Train_ssh.py only works with one dataset; other one returns Loss: nan

Hey,
I ran into another problem trying to train a new model with my own data. I’m trying to create a model to track a climbing helmet. I’ve successfully trained the model with about 1000 images which I extraced from a video file.

Now I wanted to improve the detection rate and created another set of images which show the helmet from all possible angles. When I try to train these files I get:

2021-04-12 20:45:14 - Epoch: 0, Validation Loss: nan, Validation Regression Loss nan, Validation Classification Loss: nan

To make sure my dataset is in the correct format, I created two simple test-folders. One with an image + annotations from the first training session which works and a second one from my new set which returns nan.

I’ve attached a zip-file with the datasets. ssd_training_test.zip (1.6 MB)

I’m running them with the following command line:

Test1 works fine:
python3 train_ssd.py --dataset-type=voc --data=data/test1 --model-dir=models/test1 --num-epochs=100 --num-workers=10 --batch-size=1

Test2 returns nan:
python3 train_ssd.py --dataset-type=voc --data=data/test2 --model-dir=models/test2 --num-epochs=100 --num-workers=10 --batch-size=1

I have no clue where my error is? Anybody has any ideas?

Hi @moritz3, typically when NaN’s occur, there is something malformed/corrupted about one or more image annotations in the training dataset. Perhaps the bounding box values are very large (overflow) or negative.

I would uncomment this line of code: https://github.com/dusty-nv/pytorch-ssd/blob/e7b5af50a157c50d3bab8f55089ce57c2c812f37/vision/datasets/voc_dataset.py#L76

And then run train_ssd.py with --batch-size=1 --num-workers=1 --debug-steps=1

This will then print out which image is loaded, and you should look for when the loss becomes NaN. The most recent image to be loaded is the one that caused the NaN - check it’s annotations.

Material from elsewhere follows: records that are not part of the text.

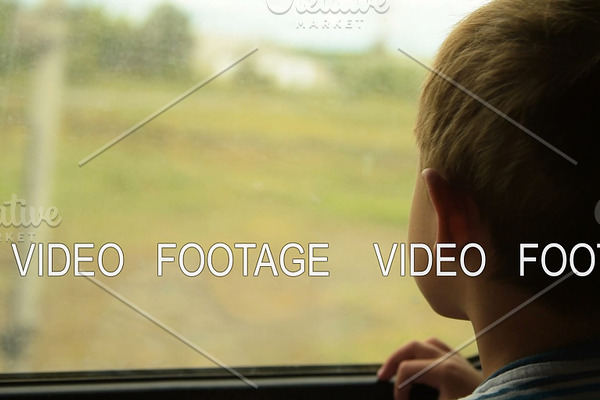 Boy looking out the window of moving train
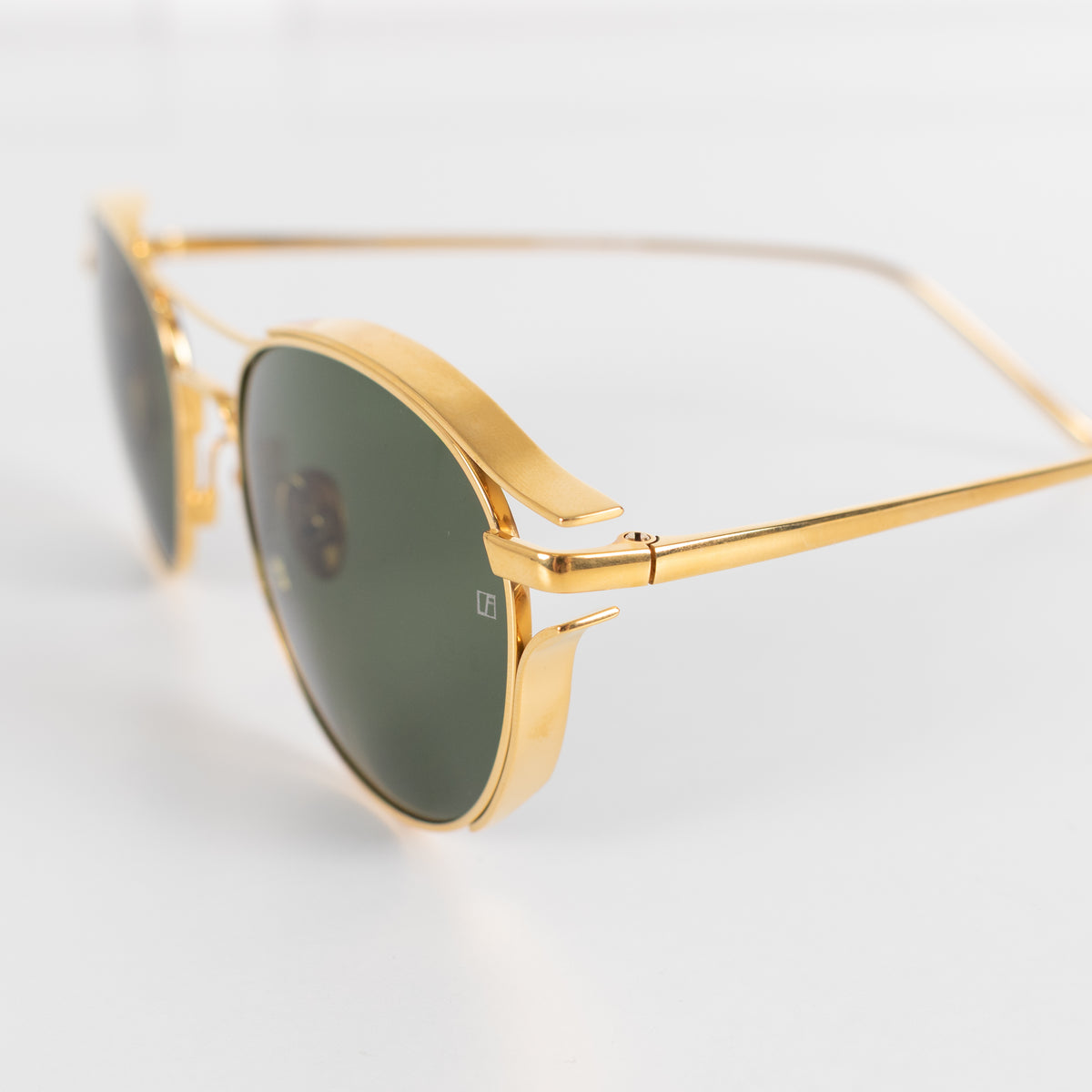 Linda Farrow Gold Titanium Round Sunglasses with Green Lens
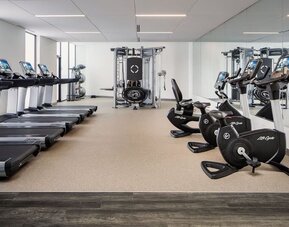 Fitness center featuring treadmills, stationary bicycles, strength-training equipment, and floor-to-ceiling mirrors at Houston Marriott South at Hobby Airport.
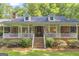 Inviting covered front porch with brick accents, decorative flag, and Welcome sign at the entrance at 603 Lakewood Dr, Social Circle, GA 30025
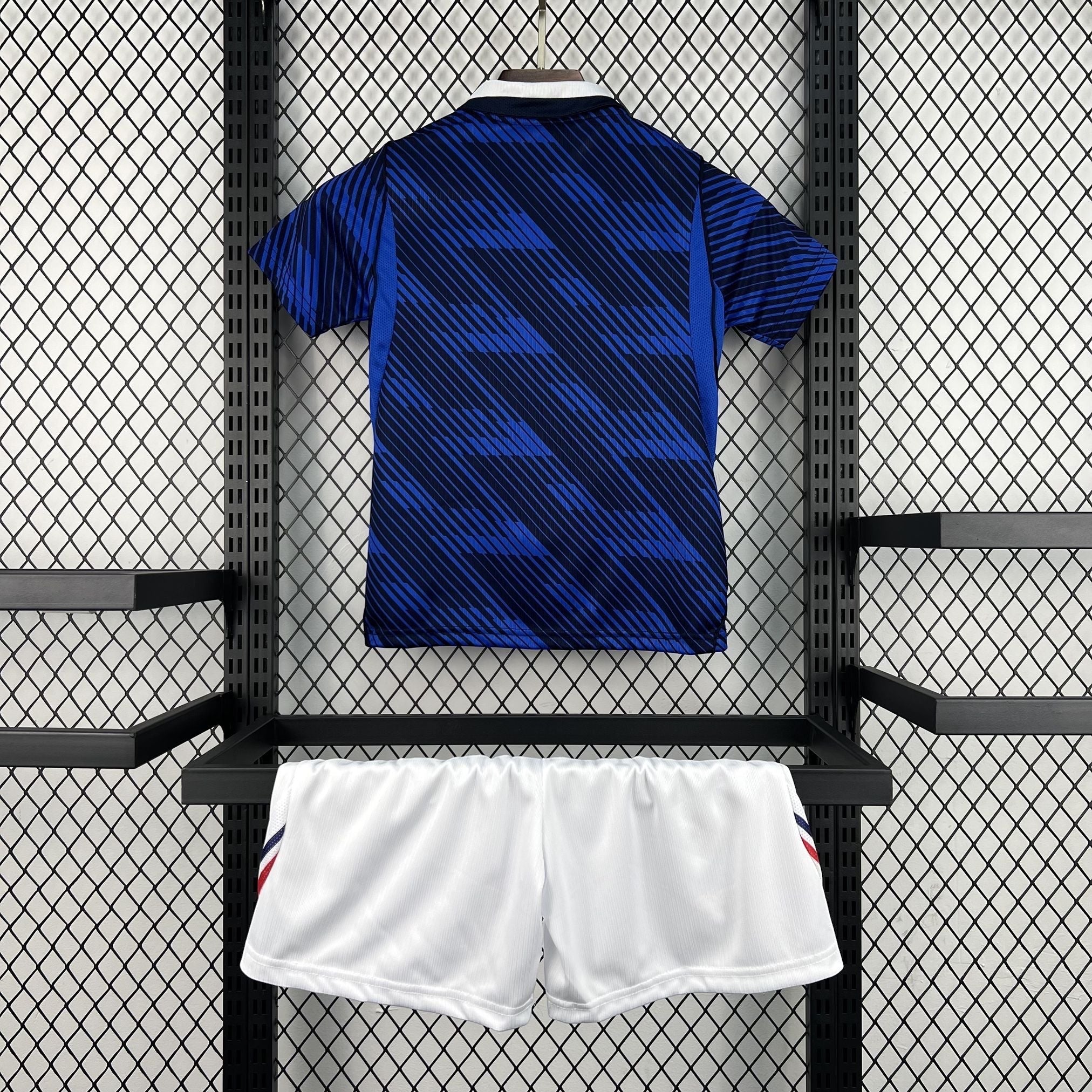 Leazofoot France 2026 kids home kit featuring a blue patterned jersey and white athletic shorts.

Thanks for your answer! I could figure out where my Annotation-data is causing issues. Sometimes x/ymin and x/ymax are reversed; so the min number is actually bigger than the max-number.

I’ll have to make sure my code produces the correct annotation data. That fixed my issues.

Thanks again!

OK cool, glad that you were able to find the problematic annotations and get it training!